*Task description*. Given these entries, repeat exactly the lines starting with the one that has "种灵芝回收可靠吗(灵芝回收真的靠谱吗？)" and going on through the one that has "塞上驼羊驼绒的含义是什么？它有什么特别之处？", both included, but none of the pictures.

===== Extracted entries

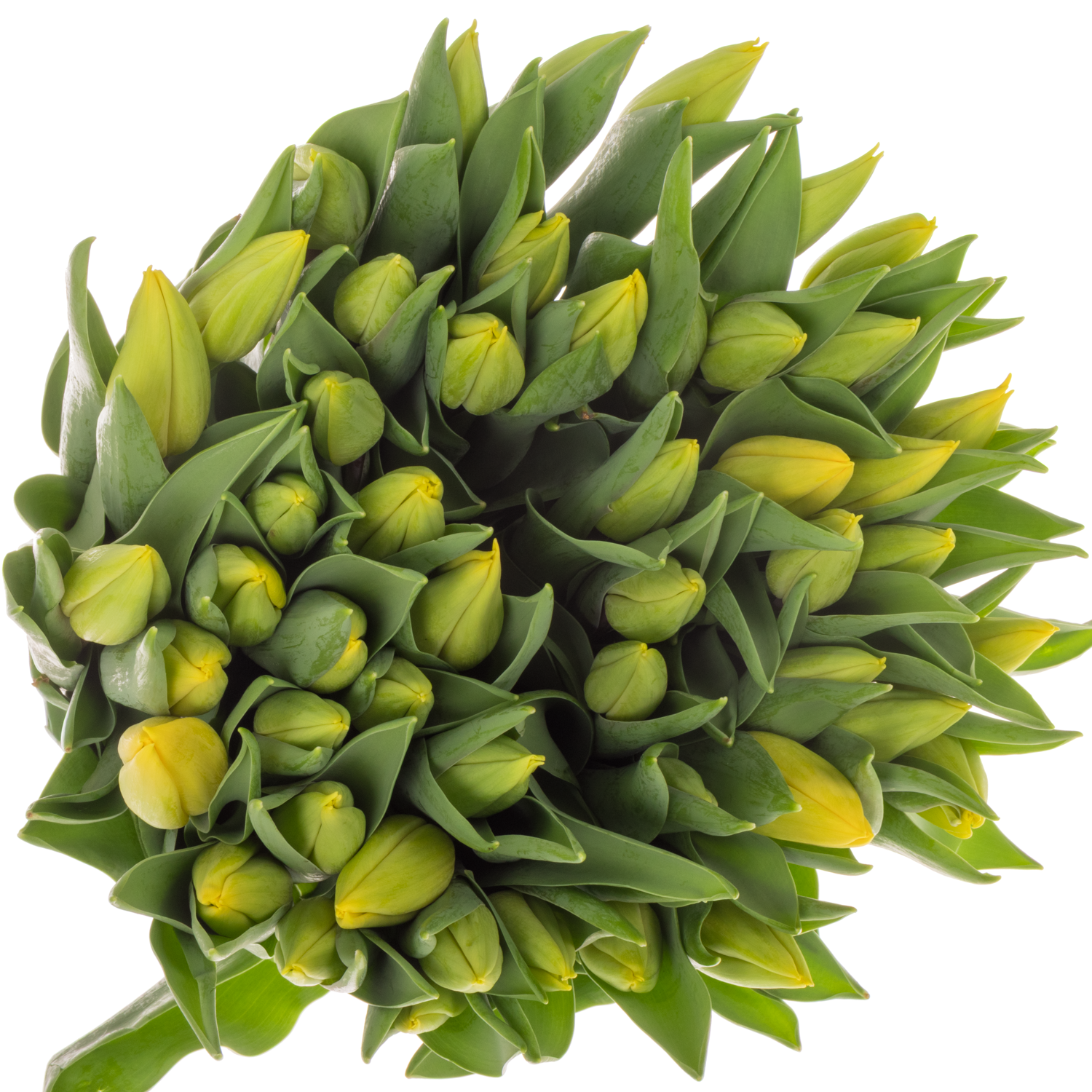 Tulpe gelb Strong Gold Ostern 40 Gramm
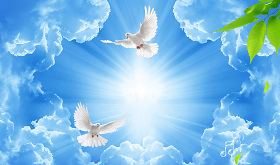 蓝天白云海鸥图片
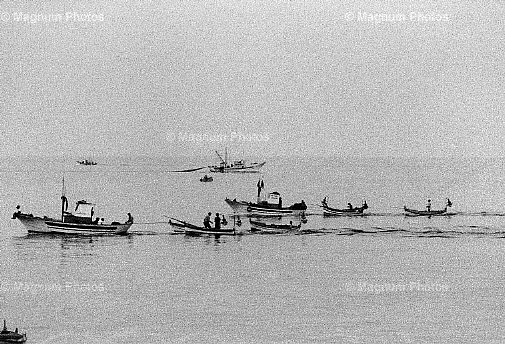 Bagheria. Barche in mare -1.jpg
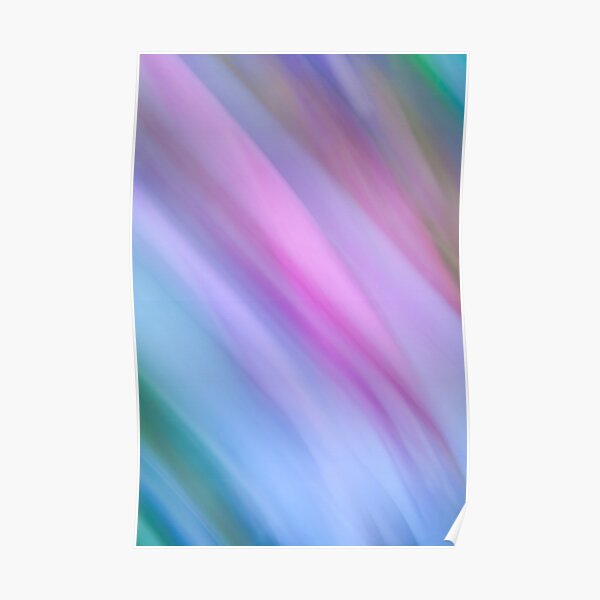 Fuchsia Poster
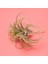 Paket Yapay Ananas Çim Hava Bitkileri Sahte Çiçekler Sahte Akın Tillandsia Bromeliads Ev Bahçe Dekoru (Yurt Dışından) 5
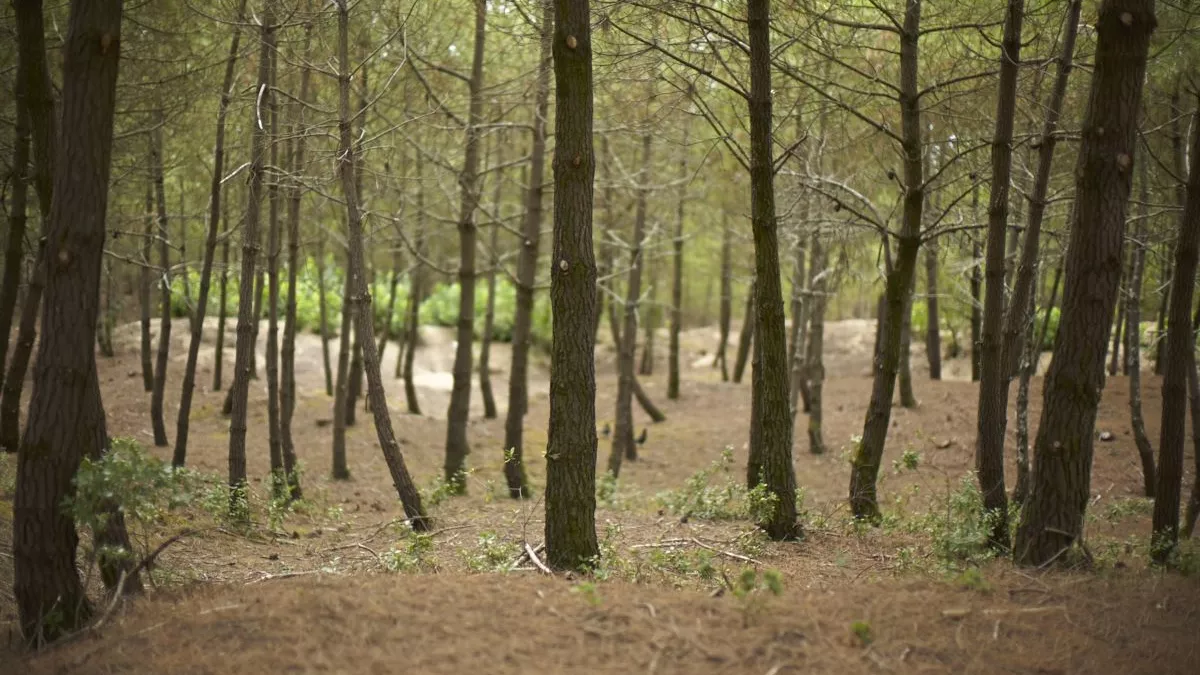 forêt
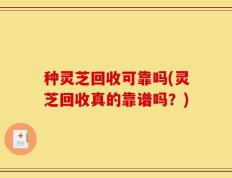 种灵芝回收可靠吗(灵芝回收真的靠谱吗？)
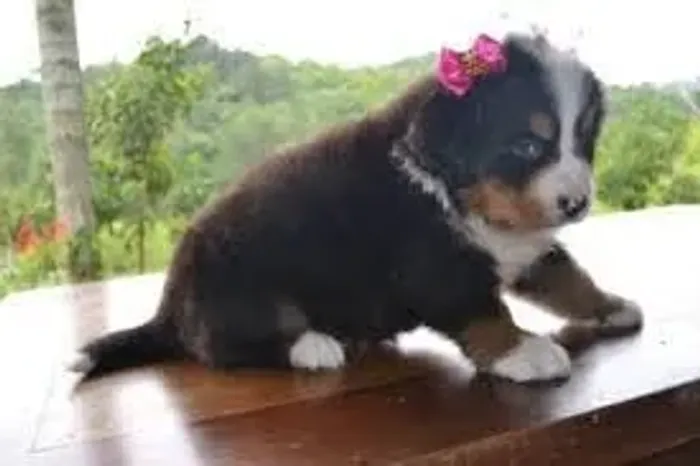Bernese "Prefiro calor de 40°C."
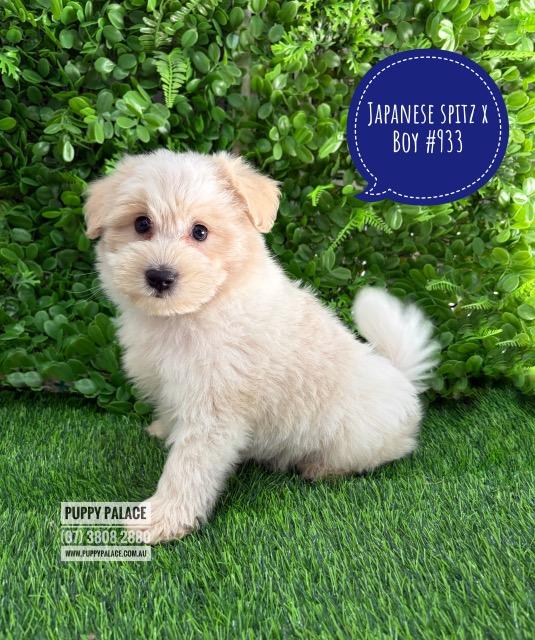$2295 – Japoodle (Japanese Spitz X Toy Poodle) Puppies – Boy. I am in store at our Puppy Palace Pet shop, Loganholme Store & available to go home now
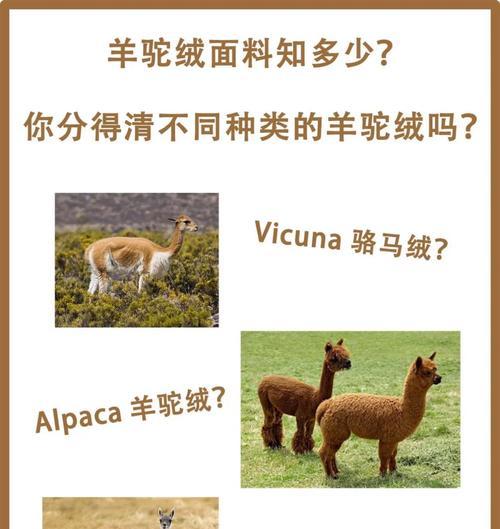 塞上驼羊驼绒的含义是什么？它有什么特别之处？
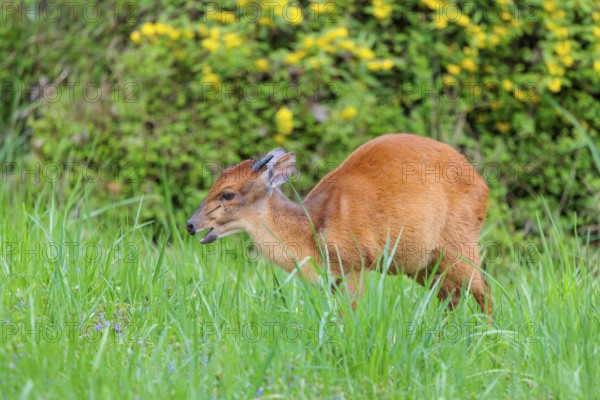 A male Red Forest Duiker (Cephalophus natalensis) stands in a green meadow, eating grass and herbs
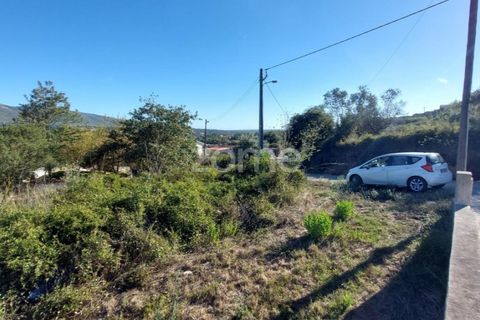 Helårsgrund i Juncal, Leiria, Juncal - € 106.200 | Ref: ZMPT552105 - foto 15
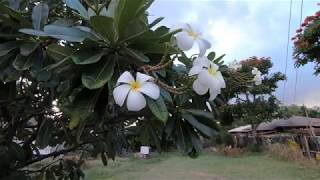 A visit to Kaunakakai Molokai [upl. by Burch415]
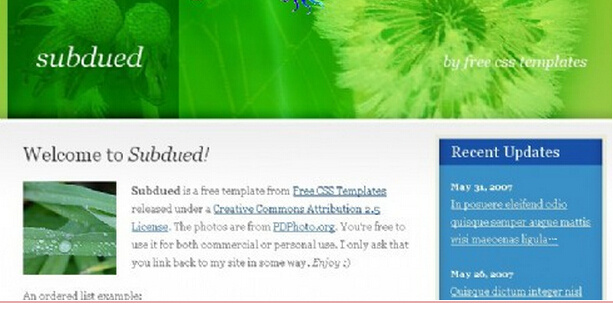 柔和 绿色植物 网页模板 柔和绿色植物 网页素材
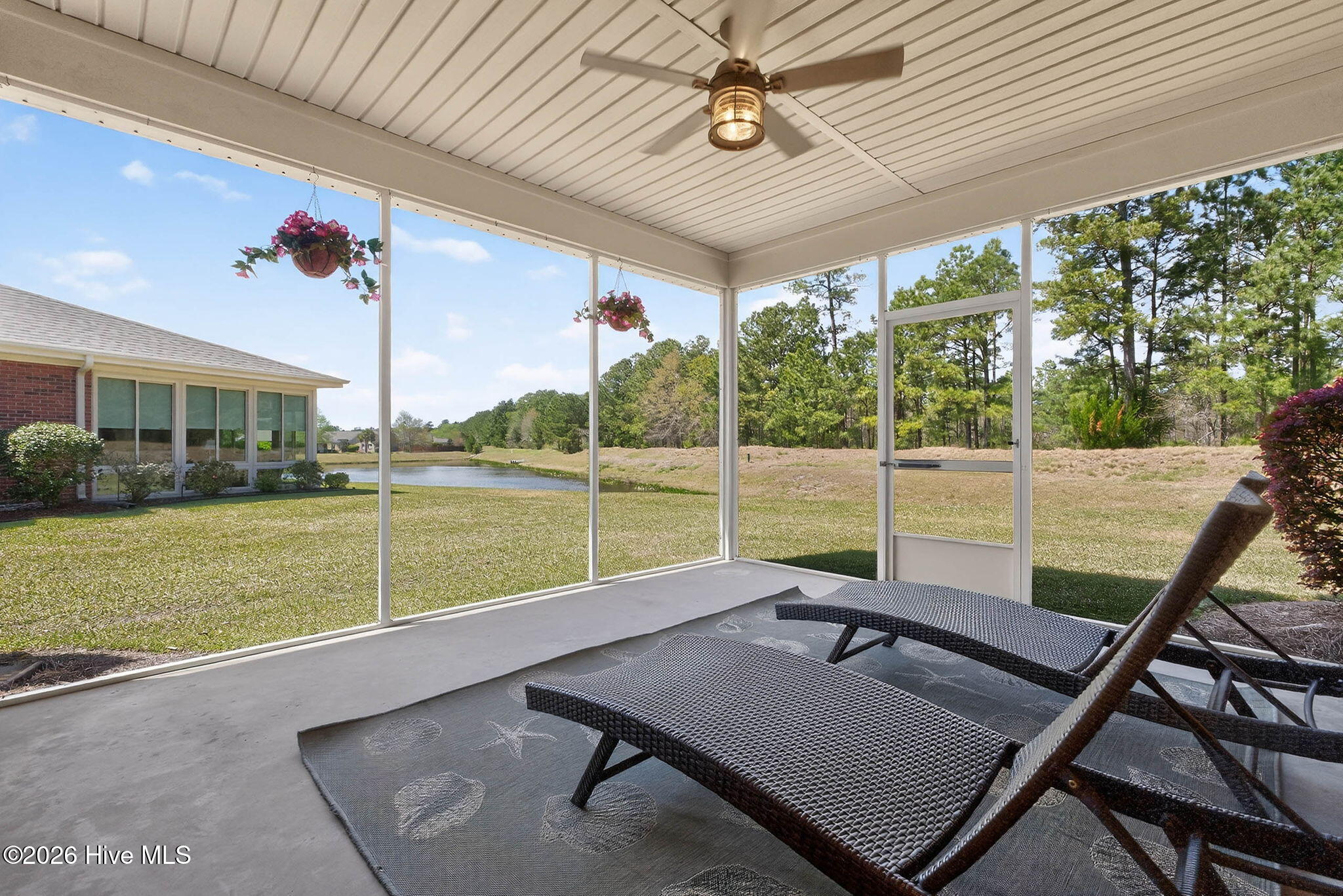 100566097 | Photo 36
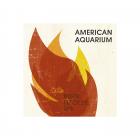 Burn_,_Flicker_,_Die_-American_Aquarium_
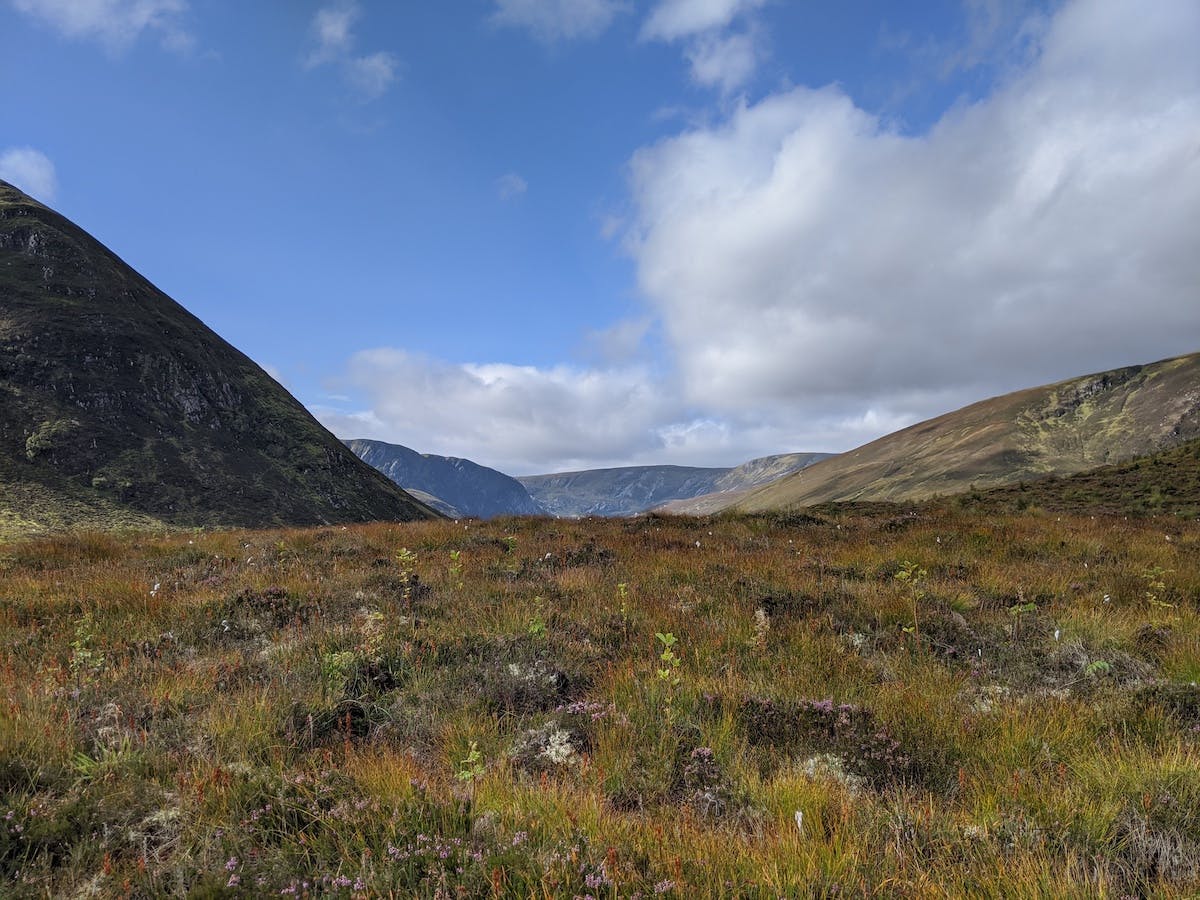 Little green saplings stand out amongst autumnal grass with mountains and blue sky in the background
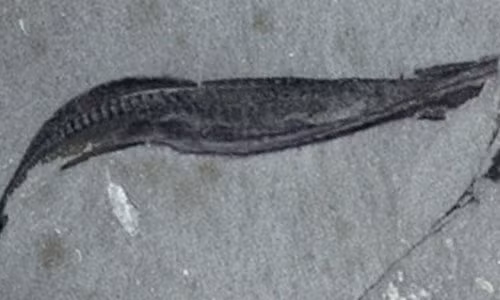 Trong một phát hiện khoa học gây chấn động, các nhà khảo cổ học đã khai quật hóa thạch của loài bọ không mặt Picaia gracilis, mang đến những tiết lộ bất ngờ về tổ tiên xa xưa của loài người. Hóa thạch này được phát hiện ở Burgess Shale, thuộc dãy núi Rockies ở Canada, và có niên đại khoảng 505 triệu năm, điều này đã thay đổi hoàn toàn hiểu biết của chúng ta về tiến trình tiến hóa. (Ảnh: The Burgess Shale)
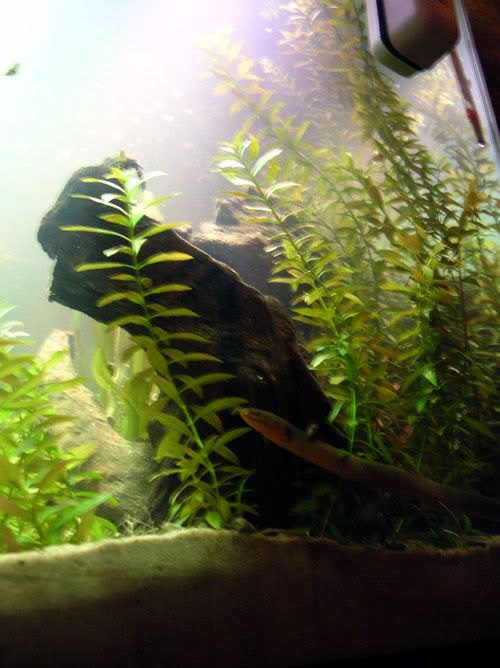 DSCN1576.jpg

==========

*Task solution*.
 种灵芝回收可靠吗(灵芝回收真的靠谱吗？)
Bernese "Prefiro calor de 40°C."
$2295 – Japoodle (Japanese Spitz X Toy Poodle) Puppies – Boy. I am in store at our Puppy Palace Pet shop, Loganholme Store & available to go home now
 塞上驼羊驼绒的含义是什么？它有什么特别之处？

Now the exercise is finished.